Resumo: Muito se há falado sobre a responsabilidade civil no âmbito de trabalho com relação ao empregador e também com relação aos acidentes “de” e “no” trabalho. Porém esse artigo tratará da responsabilidade civil delitual do empregado, público ou privado, quando a questão é a falta injustificada, imprópria e desinteressada no local de trabalho; falta esta que se pode acarretar danos a usuários, colegas e/ou instituições e empresas. Essa falta aqui será tratada como negligencia, e será abordada de acordo com a análise feita por estudos na área social e humana no ambiente de trabalho, porém abarcadas aos olhos do direito.
Palavras-Chave: responsabilidade delitual, negligencia, ausência, profissional, danos.
Abstract: Much is spoken about the liability civil under working with relationship the employer, and also with respect to accidents "from" and "on" work. But this article will address the liability civil tortious of the employee, public or private, when the issue is the lack unjustified, improper and disinterested in the workplace; lack this that one can cause damage to users, colleagues and / or institutions and companies. This lack here is treated as negligence, and will be addressed according to the analysis by studies in the area social and human in the workplace, but spanned to eyes of the law.
Keywords: tortious liability, negligence, absence, professional, damage.
Sumário: Introdução. 1. A profissionalização, o trabalho exclusivo e a dependência. 2. O Lex Aquilia. 2.1. Negligência. 3. A ausência imérita no trabalho. 3.1. Dos danos causados a instituição/empresa. 3.2. Dos danos causados ao serviço. 3.3. Dos danos causados ao usuário. 4. Da possível reparação. Conclusão. Referências.
Introdução
O âmbito de trabalho, não diferente dos demais ambientes humanos, é um local cheio de direitos e deveres, e as relações de trabalho propõe um leque de responsabilidades. Embora a responsabilidade contratual seja o alvo preferido dos direitos de justiça no Brasil, como os direitos do trabalho e previdenciário, a responsabilidade delitual vem se destacando no mundo contemporâneo, onde os direitos humanos e sociais estão em pleno vapor. Porém, a responsabilidade delitual ainda é foco de temas como “assédio moral e sexual” e “abuso de poder”.
Mas há no seio das relações de trabalho uma problemática chamada DEPÊNDENCIA do serviço prestado por um ou dois profissionais (empregado) em uma determinada lotação.
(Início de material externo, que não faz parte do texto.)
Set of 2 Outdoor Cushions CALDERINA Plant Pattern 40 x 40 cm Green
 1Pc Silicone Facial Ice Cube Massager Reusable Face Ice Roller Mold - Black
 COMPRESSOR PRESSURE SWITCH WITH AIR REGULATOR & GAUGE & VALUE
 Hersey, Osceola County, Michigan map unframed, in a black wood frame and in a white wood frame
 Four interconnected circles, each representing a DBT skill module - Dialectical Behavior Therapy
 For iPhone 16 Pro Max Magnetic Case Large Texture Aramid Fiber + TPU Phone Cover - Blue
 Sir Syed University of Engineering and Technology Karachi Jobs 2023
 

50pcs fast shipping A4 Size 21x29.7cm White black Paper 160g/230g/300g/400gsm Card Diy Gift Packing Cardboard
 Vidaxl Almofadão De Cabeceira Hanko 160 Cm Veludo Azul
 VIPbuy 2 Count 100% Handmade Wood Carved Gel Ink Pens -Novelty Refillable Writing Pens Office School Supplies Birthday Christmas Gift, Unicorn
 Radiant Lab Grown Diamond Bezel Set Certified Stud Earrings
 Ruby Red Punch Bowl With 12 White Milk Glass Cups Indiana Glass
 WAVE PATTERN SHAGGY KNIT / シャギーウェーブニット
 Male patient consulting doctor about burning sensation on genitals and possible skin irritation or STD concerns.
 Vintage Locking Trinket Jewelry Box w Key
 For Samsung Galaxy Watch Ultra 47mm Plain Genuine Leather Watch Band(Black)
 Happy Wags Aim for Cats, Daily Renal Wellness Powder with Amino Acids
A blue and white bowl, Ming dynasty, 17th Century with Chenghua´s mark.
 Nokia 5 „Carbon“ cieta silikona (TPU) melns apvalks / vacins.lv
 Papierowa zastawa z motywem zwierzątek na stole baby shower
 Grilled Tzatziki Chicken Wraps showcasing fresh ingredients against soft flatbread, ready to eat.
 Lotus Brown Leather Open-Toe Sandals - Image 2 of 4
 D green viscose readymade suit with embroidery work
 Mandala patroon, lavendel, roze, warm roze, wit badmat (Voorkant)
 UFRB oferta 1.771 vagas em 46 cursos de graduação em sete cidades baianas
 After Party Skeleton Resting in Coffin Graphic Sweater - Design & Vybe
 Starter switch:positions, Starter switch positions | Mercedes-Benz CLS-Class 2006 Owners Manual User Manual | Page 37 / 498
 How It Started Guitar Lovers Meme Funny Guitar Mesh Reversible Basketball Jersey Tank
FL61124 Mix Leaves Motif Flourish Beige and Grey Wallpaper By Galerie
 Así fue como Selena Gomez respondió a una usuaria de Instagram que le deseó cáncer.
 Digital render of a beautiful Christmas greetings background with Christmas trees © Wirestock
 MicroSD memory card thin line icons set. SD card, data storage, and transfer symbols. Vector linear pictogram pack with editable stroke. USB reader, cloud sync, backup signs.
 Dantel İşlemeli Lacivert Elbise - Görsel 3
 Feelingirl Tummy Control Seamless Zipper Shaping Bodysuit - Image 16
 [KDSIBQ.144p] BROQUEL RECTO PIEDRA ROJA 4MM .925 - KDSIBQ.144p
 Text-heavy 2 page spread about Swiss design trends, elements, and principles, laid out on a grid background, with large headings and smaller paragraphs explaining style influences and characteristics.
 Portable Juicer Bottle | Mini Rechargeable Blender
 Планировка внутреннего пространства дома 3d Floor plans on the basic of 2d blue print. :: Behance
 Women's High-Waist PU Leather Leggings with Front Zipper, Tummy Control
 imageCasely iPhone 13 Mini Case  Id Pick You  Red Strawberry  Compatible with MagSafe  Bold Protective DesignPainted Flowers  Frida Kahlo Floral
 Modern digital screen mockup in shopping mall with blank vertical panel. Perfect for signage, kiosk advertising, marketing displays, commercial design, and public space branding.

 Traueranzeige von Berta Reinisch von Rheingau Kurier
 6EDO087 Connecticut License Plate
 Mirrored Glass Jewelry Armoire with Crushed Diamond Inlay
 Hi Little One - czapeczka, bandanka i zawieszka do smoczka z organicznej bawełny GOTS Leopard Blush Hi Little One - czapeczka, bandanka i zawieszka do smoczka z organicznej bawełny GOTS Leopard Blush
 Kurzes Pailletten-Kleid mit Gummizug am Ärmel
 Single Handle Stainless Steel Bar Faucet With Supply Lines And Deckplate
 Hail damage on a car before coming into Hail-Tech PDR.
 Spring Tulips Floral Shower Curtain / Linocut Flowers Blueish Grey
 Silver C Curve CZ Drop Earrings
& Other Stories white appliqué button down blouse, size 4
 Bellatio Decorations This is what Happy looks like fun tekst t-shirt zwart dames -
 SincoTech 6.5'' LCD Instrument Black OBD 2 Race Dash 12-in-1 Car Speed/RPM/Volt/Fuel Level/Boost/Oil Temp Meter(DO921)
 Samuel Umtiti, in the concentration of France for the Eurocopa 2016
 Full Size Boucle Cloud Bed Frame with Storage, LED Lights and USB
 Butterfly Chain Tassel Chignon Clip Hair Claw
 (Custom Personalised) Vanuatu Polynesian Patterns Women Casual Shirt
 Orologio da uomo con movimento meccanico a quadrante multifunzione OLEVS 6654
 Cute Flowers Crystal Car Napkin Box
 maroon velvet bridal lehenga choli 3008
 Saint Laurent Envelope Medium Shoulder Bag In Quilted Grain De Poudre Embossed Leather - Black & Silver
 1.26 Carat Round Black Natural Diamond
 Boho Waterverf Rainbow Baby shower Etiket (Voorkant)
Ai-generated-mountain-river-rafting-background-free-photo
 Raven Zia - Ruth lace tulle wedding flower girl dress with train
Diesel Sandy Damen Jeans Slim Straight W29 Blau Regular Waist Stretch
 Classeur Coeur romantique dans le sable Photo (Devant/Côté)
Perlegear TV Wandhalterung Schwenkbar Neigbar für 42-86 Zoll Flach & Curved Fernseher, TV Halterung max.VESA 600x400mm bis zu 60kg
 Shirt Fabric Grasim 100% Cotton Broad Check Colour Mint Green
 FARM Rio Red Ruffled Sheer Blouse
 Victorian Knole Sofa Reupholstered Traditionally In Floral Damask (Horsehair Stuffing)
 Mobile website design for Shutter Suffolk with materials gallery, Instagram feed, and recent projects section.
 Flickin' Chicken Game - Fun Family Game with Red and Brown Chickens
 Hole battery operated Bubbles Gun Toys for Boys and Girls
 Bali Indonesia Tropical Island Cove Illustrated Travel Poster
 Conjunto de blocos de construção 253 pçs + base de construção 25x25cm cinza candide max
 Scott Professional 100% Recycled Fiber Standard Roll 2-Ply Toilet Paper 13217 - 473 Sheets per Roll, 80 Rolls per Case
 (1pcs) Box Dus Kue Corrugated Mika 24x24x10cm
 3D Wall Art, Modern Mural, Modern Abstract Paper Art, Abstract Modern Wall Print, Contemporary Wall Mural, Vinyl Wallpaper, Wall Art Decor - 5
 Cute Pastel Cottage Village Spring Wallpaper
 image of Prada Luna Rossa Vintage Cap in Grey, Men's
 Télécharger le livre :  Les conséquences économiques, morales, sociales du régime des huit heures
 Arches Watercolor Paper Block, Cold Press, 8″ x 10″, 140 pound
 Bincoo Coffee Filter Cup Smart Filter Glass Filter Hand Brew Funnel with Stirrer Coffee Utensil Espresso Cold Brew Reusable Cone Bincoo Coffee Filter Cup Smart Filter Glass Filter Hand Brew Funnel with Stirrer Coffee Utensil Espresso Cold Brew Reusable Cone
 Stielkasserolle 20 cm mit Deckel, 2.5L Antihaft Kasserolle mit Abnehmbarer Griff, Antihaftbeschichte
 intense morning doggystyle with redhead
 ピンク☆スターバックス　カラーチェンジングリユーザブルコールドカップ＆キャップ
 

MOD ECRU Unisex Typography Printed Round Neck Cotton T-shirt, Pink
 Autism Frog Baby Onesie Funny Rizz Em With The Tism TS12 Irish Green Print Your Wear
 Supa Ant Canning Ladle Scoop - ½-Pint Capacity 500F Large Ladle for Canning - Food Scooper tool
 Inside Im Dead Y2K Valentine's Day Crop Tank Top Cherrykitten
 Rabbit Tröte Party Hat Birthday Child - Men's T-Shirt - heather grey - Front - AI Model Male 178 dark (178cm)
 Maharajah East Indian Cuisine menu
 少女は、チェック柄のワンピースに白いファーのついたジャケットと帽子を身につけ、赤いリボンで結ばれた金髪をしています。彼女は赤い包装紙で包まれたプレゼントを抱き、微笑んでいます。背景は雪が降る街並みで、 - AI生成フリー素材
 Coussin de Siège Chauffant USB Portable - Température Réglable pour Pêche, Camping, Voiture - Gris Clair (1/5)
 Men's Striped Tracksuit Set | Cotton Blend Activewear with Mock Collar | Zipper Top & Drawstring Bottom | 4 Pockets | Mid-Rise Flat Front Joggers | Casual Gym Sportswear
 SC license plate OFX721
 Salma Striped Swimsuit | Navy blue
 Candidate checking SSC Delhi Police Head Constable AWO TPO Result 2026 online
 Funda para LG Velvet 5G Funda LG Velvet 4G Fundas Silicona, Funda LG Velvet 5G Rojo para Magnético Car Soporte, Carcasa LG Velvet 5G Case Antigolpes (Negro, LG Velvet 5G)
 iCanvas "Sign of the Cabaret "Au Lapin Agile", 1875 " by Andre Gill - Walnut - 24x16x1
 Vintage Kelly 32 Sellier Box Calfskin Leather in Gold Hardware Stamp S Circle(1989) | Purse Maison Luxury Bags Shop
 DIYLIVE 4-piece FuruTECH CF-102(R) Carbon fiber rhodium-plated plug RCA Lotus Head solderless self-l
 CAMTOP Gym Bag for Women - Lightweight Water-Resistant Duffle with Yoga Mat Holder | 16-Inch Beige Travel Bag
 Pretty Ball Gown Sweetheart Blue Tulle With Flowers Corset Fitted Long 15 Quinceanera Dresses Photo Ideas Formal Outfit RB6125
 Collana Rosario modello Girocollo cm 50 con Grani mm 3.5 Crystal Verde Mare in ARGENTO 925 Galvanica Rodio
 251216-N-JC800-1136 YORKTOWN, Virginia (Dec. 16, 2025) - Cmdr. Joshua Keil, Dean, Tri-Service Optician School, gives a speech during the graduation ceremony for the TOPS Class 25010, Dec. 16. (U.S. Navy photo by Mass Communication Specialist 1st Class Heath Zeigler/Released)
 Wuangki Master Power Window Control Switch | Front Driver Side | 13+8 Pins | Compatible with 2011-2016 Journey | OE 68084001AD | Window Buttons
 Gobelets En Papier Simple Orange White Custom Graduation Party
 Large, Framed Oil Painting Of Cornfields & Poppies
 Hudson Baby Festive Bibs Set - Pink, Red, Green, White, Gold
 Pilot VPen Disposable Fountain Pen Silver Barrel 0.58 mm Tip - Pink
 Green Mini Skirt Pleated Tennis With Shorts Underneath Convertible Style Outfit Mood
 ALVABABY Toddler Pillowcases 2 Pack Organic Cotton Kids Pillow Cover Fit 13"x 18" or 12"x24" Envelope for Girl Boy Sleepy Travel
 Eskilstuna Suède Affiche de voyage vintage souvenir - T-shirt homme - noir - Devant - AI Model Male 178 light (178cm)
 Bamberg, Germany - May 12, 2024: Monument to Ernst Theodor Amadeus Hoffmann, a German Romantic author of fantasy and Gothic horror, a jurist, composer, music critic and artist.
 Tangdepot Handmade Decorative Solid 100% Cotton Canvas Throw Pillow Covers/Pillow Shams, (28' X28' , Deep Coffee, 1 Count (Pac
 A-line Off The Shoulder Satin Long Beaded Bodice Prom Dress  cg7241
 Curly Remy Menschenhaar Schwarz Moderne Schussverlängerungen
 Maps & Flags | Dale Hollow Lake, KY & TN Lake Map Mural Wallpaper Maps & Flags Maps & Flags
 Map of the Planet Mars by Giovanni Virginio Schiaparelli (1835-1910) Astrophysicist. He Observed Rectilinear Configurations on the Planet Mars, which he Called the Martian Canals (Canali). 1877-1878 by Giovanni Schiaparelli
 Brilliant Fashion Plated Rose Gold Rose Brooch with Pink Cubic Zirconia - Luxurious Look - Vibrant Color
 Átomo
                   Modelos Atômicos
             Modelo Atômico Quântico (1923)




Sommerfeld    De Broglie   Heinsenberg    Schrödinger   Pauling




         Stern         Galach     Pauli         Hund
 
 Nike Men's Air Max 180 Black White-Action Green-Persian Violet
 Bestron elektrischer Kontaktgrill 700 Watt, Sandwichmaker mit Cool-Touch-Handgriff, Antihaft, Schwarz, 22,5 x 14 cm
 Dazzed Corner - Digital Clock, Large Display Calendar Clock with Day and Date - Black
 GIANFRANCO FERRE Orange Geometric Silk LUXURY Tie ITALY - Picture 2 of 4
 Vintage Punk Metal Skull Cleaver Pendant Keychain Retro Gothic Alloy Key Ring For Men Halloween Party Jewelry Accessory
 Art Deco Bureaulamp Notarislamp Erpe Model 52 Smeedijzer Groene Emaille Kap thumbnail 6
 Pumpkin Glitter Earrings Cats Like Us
Isto quer dizer que com o avanço da profissionalização, os trabalhos vêm se tornando exclusivos, e as vagas limitadas. Tornando a falta (ausência) de um determinado profissional ao local de trabalho, por muitas vezes, uma catástrofe em seu real sentido.
É ai que se enquadra o dano ao serviço, ao servidor ou ao usuário quando da falta injustificada de um determinado profissional. É nessa condução de negligencia no trabalho, que o presente texto propõe a obrigação do trabalhador de reparar o dano causado por sua falta imérita para dentro do Lex Aquilia.
1. A profissionalização, o trabalho exclusivo e a dependência.
A profissão é um termo pertencente ao mundo contemporâneo, ela possui regulamentos e representações, tornando-se cada vez mais uma palavra mais concreta do que abstrata.
De acordo com os estudos do educador Simon Schwartzman (2005), a profissionalização no Brasil floresceu no século XX, o que permite dizer que nos tempos de hoje não estamos mais engatinhando pela busca da capacitação/especialização nas áreas do trabalho. Porém isso não exclui o fato de que o país ainda é novo nessa realidade e é grande a abrangência de sua inexperiência com relação à formação profissional.
Sem maiores escólios, o importante é que no Brasil já existe o profissional capacitado e especializado em um determinado ramo, e as relações de trabalho exige que seja assim, pois se entende que é “dentro da esfera profissional que a sociedade exerce sua coesão” (Nobert Elias apud BARBOSA, 1998).
Antes, o trabalho era visto como todos fazendo parte de uma mesma sociedade corporativa, uma igualdade entre os proletariados com relação ao serviço. Na verdade o trabalhador era uma espécie de “faz-tudo”. O capitalismo, a globalização e o avanço tecnológico e de aprofundamento de estudos destrói o “proletário” e apresenta o “profissional”, dotado do trabalho exclusivo que requer:
“a existência de um corpo de conhecimento suficientemente abstrato e complexo para requerer um aprendizado formal prolongado; uma cultura profissional sustentada por associações profissionais; uma orientação para as necessidades da clientela e um código de ética.” ( DINIZ, 2001, p.20).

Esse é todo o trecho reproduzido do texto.